This topic describes how to create a MaxCompute sink connector to synchronize data from a data source topic of a Message Queue for Apache Kafka instance to a MaxCompute table.

Prerequisites

Before you create a MaxCompute sink connector, make sure that the following operations are completed:
  • The connector feature is enabled for the Message Queue for Apache Kafka instance. For more information, see Enable the connector feature.
  • A data source topic is created in the Message Queue for Apache Kafka instance. For more information, see Step 1: Create a topic.

    A topic named maxcompute-test-input is used in this example.

  • A MaxCompute table is created by using the MaxCompute client. For more information, see Create and view a table.

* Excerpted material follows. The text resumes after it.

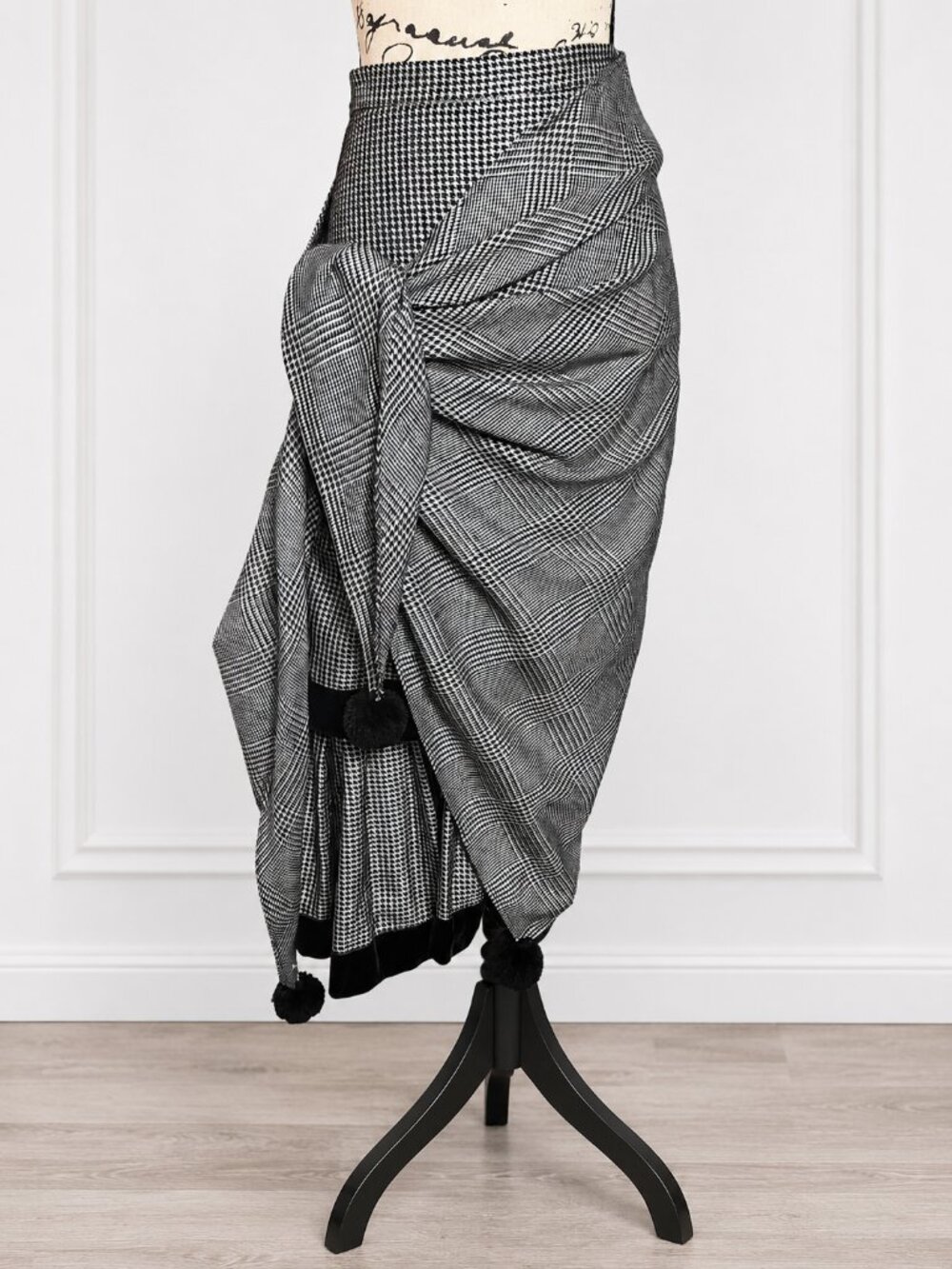 Vintage Bleu Blanc Rouge Houndstooth Tiered Midi Skirt Size 40 Black White Ruffl - Picture 3 of 13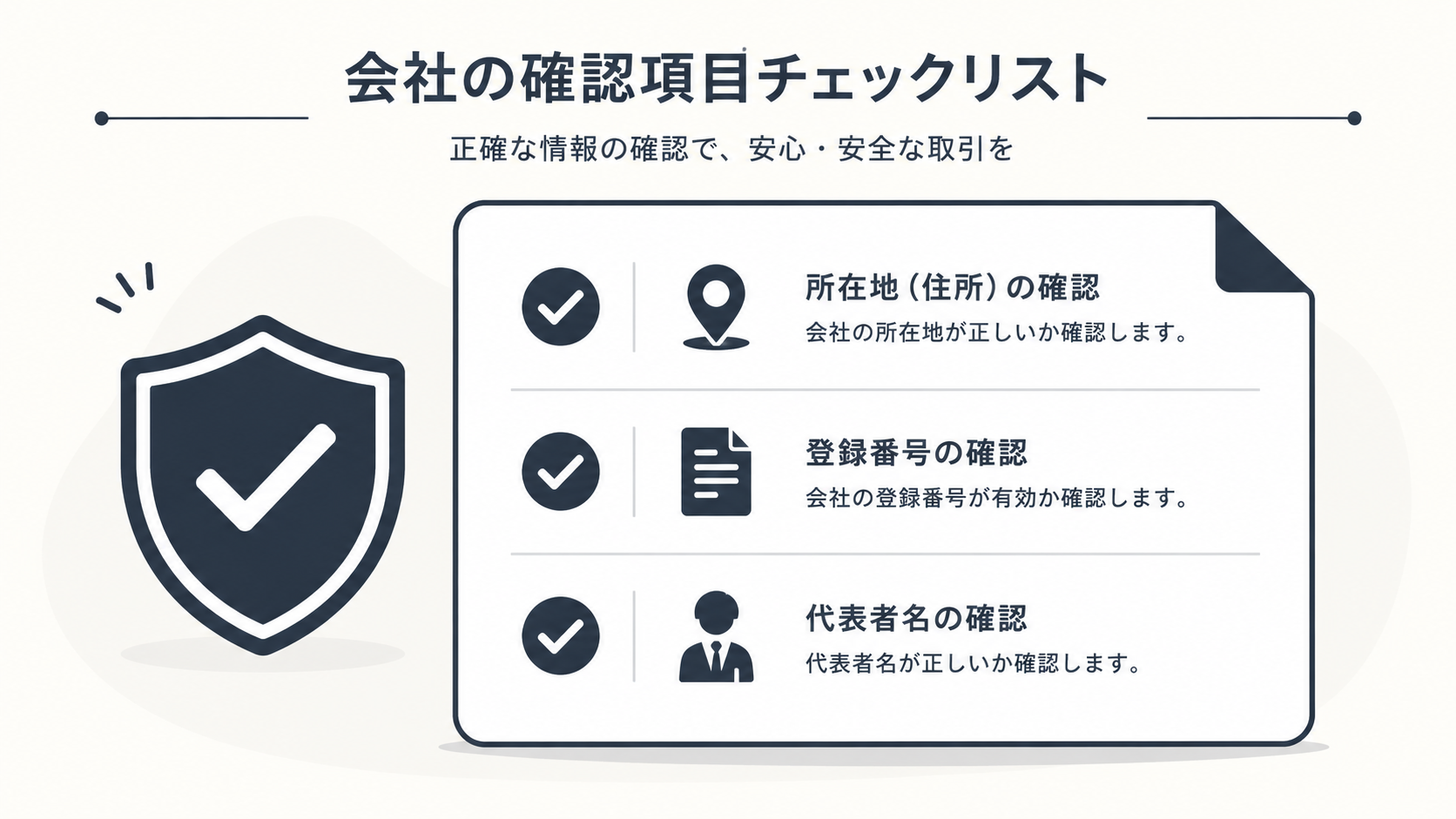 運営会社の所在地・法人番号・代表者情報が確認できることを示すチェックリスト図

    In this example, a MaxCompute table named test_kafka is created in a project named connector_test. You can execute the following statement to create a MaxCompute table named test_kafka:

    CREATE TABLE IF NOT EXISTS test_kafka(topic STRING,partition BIGINT,offset BIGINT,key STRING,value STRING) PARTITIONED by (pt STRING);

Procedure

To synchronize data from a data source topic in a Message Queue for Apache Kafka instance to a MaxCompute table by using a MaxCompute sink connector, perform the following steps:

  1. Grant Message Queue for Apache Kafka the permissions to access MaxCompute.
  2. Optional:Create the topics and consumer groups that are required by the MaxCompute sink connector.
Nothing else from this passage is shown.